Looks fab... I picked my first mtb in years yesterday.. I was posted a poll about the exact same pedal dilemma!

Edit just noticed the thread was from august


----------



## steven1988 (21 Oct 2018)

simon the viking said:


> Looks fab... I picked my first mtb in years yesterday.. I was posted a poll about the exact same pedal dilemma!
> 
> Edit just noticed the thread was from august



Come on then show us, what dis you get?


----------



## simon the viking (21 Oct 2018)

steven1988 said:


> Come on then show us, what dis you get?


Its a Python Rock.. Photos and story behind in thread a new


steven1988 said:


> Come on then show us, what dis you get?

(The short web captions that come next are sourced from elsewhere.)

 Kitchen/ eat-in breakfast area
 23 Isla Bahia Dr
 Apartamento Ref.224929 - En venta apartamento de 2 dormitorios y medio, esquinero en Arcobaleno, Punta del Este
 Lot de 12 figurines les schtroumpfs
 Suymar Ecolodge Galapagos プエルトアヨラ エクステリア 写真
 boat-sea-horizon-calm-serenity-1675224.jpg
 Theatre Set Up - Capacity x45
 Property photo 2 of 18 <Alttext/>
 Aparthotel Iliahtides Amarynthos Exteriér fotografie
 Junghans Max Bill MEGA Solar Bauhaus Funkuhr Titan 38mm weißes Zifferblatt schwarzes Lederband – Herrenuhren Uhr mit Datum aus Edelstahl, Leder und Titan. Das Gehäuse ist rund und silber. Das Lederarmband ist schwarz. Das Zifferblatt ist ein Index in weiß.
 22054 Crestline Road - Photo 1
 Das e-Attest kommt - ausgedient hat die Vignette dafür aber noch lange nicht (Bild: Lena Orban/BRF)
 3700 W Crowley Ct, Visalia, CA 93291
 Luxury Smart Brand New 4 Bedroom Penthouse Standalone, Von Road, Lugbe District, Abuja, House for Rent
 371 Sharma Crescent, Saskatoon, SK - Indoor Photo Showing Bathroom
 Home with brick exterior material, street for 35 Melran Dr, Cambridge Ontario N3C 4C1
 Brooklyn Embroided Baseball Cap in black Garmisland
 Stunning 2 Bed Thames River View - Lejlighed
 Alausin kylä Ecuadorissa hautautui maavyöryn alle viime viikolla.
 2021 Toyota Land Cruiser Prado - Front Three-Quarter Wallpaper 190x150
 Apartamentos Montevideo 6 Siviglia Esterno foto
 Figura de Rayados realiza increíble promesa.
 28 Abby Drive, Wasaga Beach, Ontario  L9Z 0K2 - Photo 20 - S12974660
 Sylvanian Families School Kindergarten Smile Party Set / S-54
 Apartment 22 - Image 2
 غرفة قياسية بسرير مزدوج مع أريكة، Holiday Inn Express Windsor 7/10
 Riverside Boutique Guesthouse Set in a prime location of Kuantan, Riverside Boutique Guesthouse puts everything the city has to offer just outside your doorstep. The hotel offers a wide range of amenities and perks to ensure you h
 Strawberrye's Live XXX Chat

The story of acquisition is here... Not so much a purchase more of a deal done

https://www.cyclechat.net/threads/new-toy-on-its-way.241458/#post-5416463

And heres a photo


----------



## steven1988 (21 Oct 2018)

simon the viking said:


> Its a Python Rock.. Photos and story behind in thread a new
> 
> 
> The story of acquisition is here... Not so much a purchase more of a deal done
> ...



Oh yes i did read your Swap story just didnt link the profiles not a bad bit of business


----------



## simon the viking (21 Oct 2018)

steven1988 said:


> Oh yes i did read your Swap story just didnt link the profiles not a bad bit of business



Cracking deal as an expensive service was coming up.. Obviously labour cost to him is negligible as he can fit it in as when so only cost of sprockets and chain. Instead of having 2 bikes that did similiar things (a Defy and a Propel) ive got 2 totally different bikes now.


----------